Les élèves et étudiants, confinés dans des syndicats scolaires ou universitaires constituent de véritables moyens de dissuasion des responsables du système éducatif. Dès qu’il y a un problème au niveau politique, l’école est automatiquement paralysée. C’est dire que la ficelle de l’école est détenue par les politiciens, qui ont ainsi les moyens de manipuler l’école à leur guise.
L’école sénégalaise n’est pas seulement politisée au niveau des apprenants, mais aussi au niveau des maîtres, c’est-à-dire des enseignants. Loin de leurs objectifs éducatifs, certains enseignants sont devenus de véritables politiciens. Ils sont toujours en train de mener des actions en faveur de partis politiques en quête de légitimité afin de garantir des lendemains meilleurs.

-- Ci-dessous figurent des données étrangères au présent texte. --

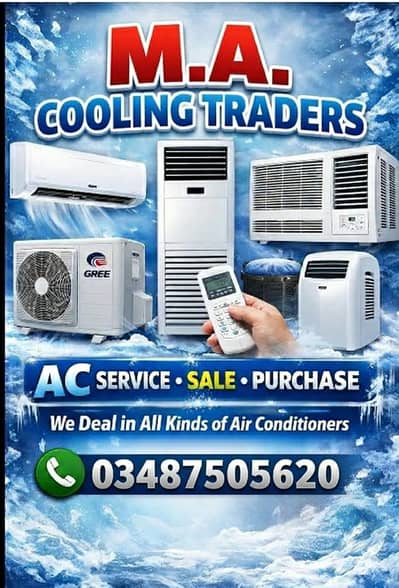 Trusted AC Sale & Purchase – All Brands Available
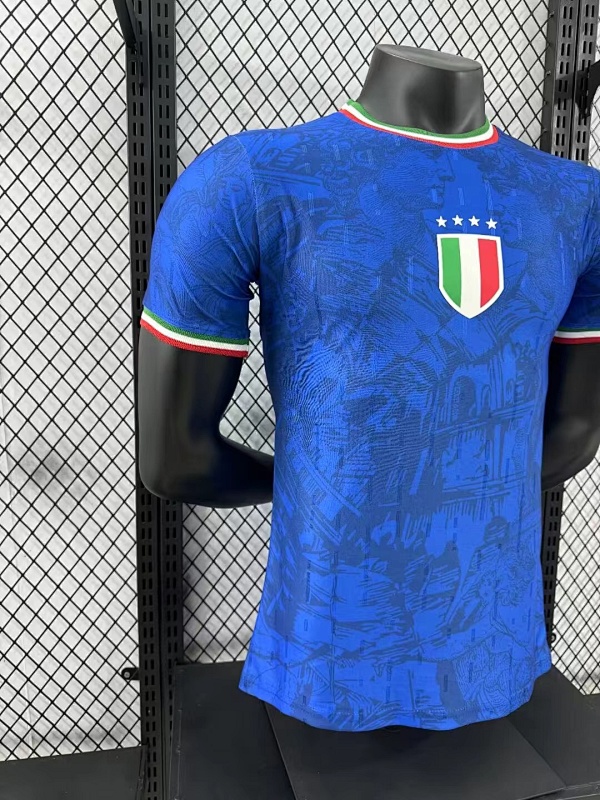 Italia Edición Especial Diseño 2 Versión Jugador 2024/25 (Azul) 5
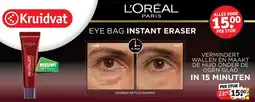 Kruidvat L'Oréal Paris Rye Bag Instant Eraser aanbieding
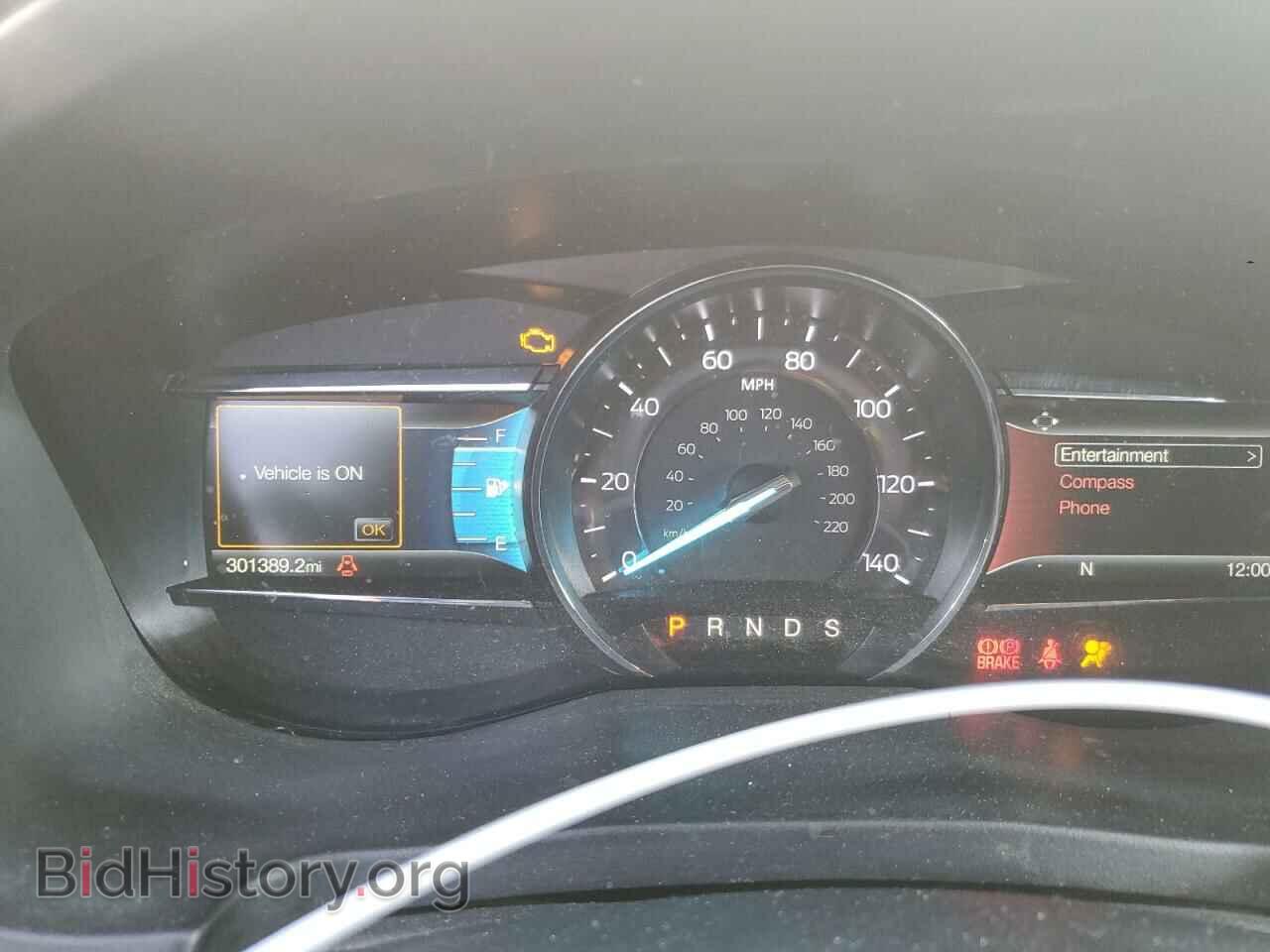 2019 FORD EXPLORER - VIN: 1FM5K8D8XKGB26015 - Фото 9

Ainsi, les affectations, les recrutements et nominations se font sur la base politique. Au regard de toutes ces missions que s’assignent des apprenants et des maîtres, on ne peut pas nier que les objectifs de l’école sont oubliés en faveur des objectifs politiques, à savoir « comment se maintenir au pouvoir ? ».

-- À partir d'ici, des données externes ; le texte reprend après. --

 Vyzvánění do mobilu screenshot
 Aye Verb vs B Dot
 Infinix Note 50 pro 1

Et pourtant, dans les colloques et les séminaires du secteur éducation/ formation, des objectifs sont plus ou moins clairs :
– mise en place d’un dispositif plus dynamique de formation professionnelle, d’encadrement, de suivi et d’insertion socio- professionnelle de la population.

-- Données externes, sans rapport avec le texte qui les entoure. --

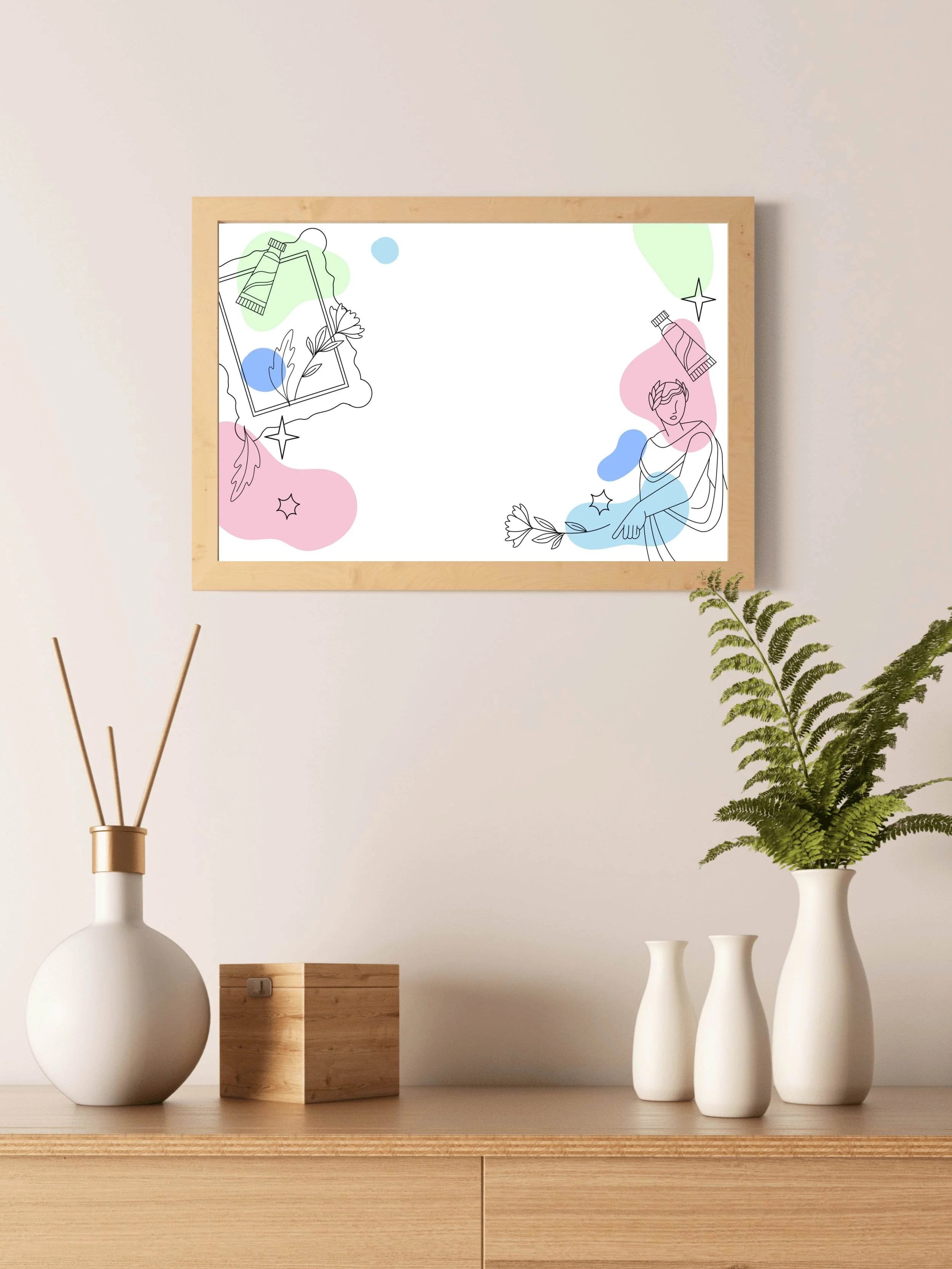 Ancient Roman Design Wall Art - beink online art store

– amélioration de la qualité de l’enseignement et son adaptation aux besoins du développement économique et social ;
– meilleur accès à l’éducation pour tous les citoyens.
– réduction du taux d’analphabétisme.
Tous ces objectifs, s’ils sont atteints, devront corriger les faiblesses du système éducatif. Car cela suppose : la gratuité effective de l’école depuis la maternelle à la classe de Terminale en commençant par les zones les plus défavorisées ; le transfert effectif des compétences en matière d’analphabétisation aux collectivités locales en liaison avec les directions régionales du ministère de l’éducation nationale et des ONG ; l’augmentation des capacités d’accueil par la construction de plusieurs autres classes par an ; la réhabilitation des internats ; la création des foyers d’accueil d’élèves à l’intérieur ; la résorption du déficit d’enseignants à tous les niveaux tout en les recyclant progressivement, et enfin, l’instauration d’un encadrement spécial des élèves en difficulté d’apprentissage.
Au demeurant, il faut surtout stimuler la formation des personnes vulnérables, particulièrement chez les jeunes filles, les handicapés, et les orphelins déscolarisés. Tous ces efforts devront redorer le blason de l’école sénégalaise.
Cependant, cela doit se faire dans un dialogue permanent entre l’Etat, les partenaires de l’école, les financiers et les enseignants, de sorte à asseoir progressivement un climat apaisé et non un bras de fer. Aussi, le secteur privé et l’Etat doivent se concerter en vue de l’adaptation des programmes de formation aux réalités socio-économiques actuelles, en vue d’une meilleure adéquation entre l’offre et la demande d’emploi.
Par ailleurs, des efforts pour l’assistance à l’auto emploi devront être intégrés dans les formations. Au-delà de cet aspect, il faut dépolitiser l’école si l’on veut accroître les performances de celle-ci et donner une orientation profitable à tous. A ce niveau, des mesures politiques pourraient contrôler ou interdire le syndicalisme à l’école, en rapport avec les problèmes politiques.
Car, quand l’école va mal, c’est l’avenir du pays qui est compromis sur de longues années.